How the Naive Bayes classifier works

We will try to understand all of this by looking at the example of the Titanic. While the Titanic was sinking, a few of the categories had priority over others, in terms of being saved. We have the following dataset (it is a Kaggle dataset):

Person category	Survival chance
Woman	Yes
Kid	Yes
Kid	Yes
Man	No
Woman	Yes
Woman	Yes
Man	No
Man	Yes
Kid	Yes
Woman	No
Kid	No
Woman	No
Man	Yes
Man	No
Woman	Yes

Now, let's prepare a likelihood table for the preceding information:

		Survival chance
		No	Yes	Grand Total
Category	Kid	1	3	4	4/15=	0.27
Man	3	2	5	5/15=	0.33
Woman	2	4	6	6/15=	0.40
	Grand Total	6	9	15
		6/15	9/15
		0.40	0.6

Let's find out which category of people had the maximum chance of survival:

Kid - P(Yes|Kid)= P(Kid|Yes) * P(Yes)/P(Kid)

P(Kid|Yes) = 3/9= 0.3

P(Yes) = 9/15 =0.6

P(Kid)= 4/15 =0.27

P(Yes|kid) = 0.33 *0.6/0.27=0.73

Woman - P(Yes|Woman)= P(Woman|Yes) * P(Yes)/P(Woman)

P(Woman|Yes) = 4/9= 0.44

P(Yes) = 9/15 =0.6

P(Woman)= 6/15 =0.4

P(Yes|Woman) = 0.44 *0.6/0.4=0.66

Man - P(Yes|Man)= P(Man|Yes) * P(Yes)/P(Man)

P(Man|Yes) = 2/9= 0.22

P(Yes) = 9/15 =0.6

P(Man)= 6/15 =0.33

P(Yes|Man) = 0.22 *0.6/0.33=0.4

So, we can see that a child had the maximum chance of survival and a man the least chance.
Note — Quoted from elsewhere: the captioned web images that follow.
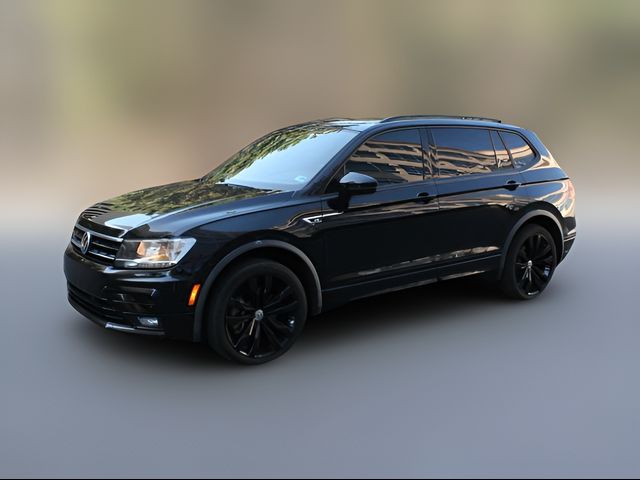 2021 Volkswagen Tiguan SE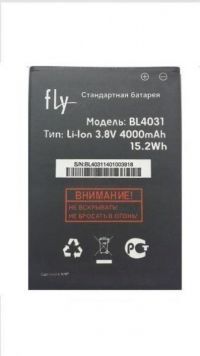 Акумулятор для Fly BL4031 (IQ4403) [Original PRC] 12 міс. гарантії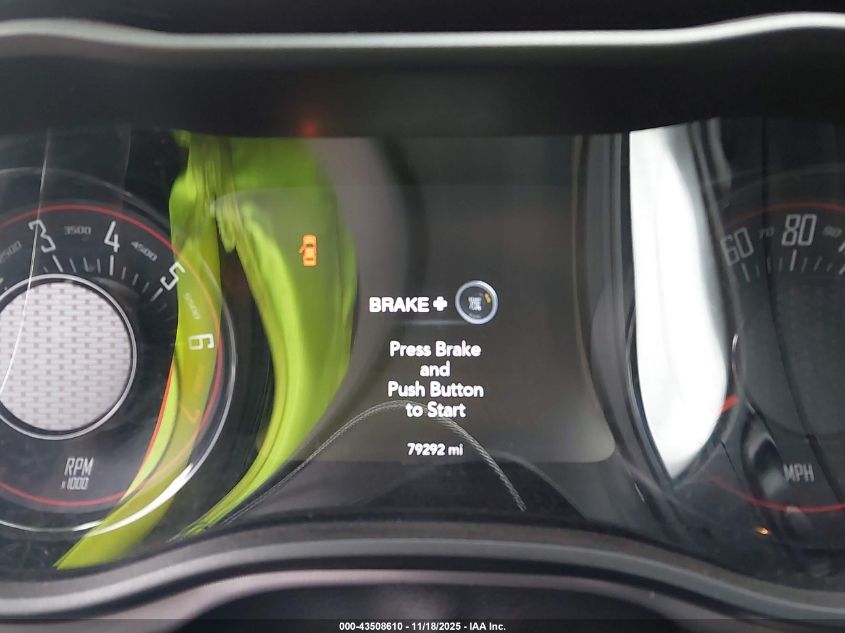 2019 Dodge Challenger Gt VIN: 2C3CDZJG7KH500421 Lot: 43508610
Let's perform the sentiment classification with the help of Naive Bayes, and see whether the result is better or worse:

from sklearn.naive_bayes import MultinomialNB
# splitting data into training and validation set
xtraintf, xtesttf, ytraintf, ytesttf = train_test_split(tfidfV, Newdata['label'], random_state=42, test_size=0.3)
NB= MultinomialNB()
NB.fit(xtraintf, ytraintf)
prediction = NB.predict_proba(xtesttf) # predicting on the test set
prediction_int = prediction[:,1] >= 0.3 # if prediction is greater than or equal to 0.3 than 1 else 0
prediction_int = prediction_int.astype(np.int)
print("F1 Score-",f1_score(ytest, prediction_int))
print("Accuracy-",accuracy_score(ytest,prediction_int))

The output is as follows:

Here, we can see that our previous results were better than the Naive Bayes results.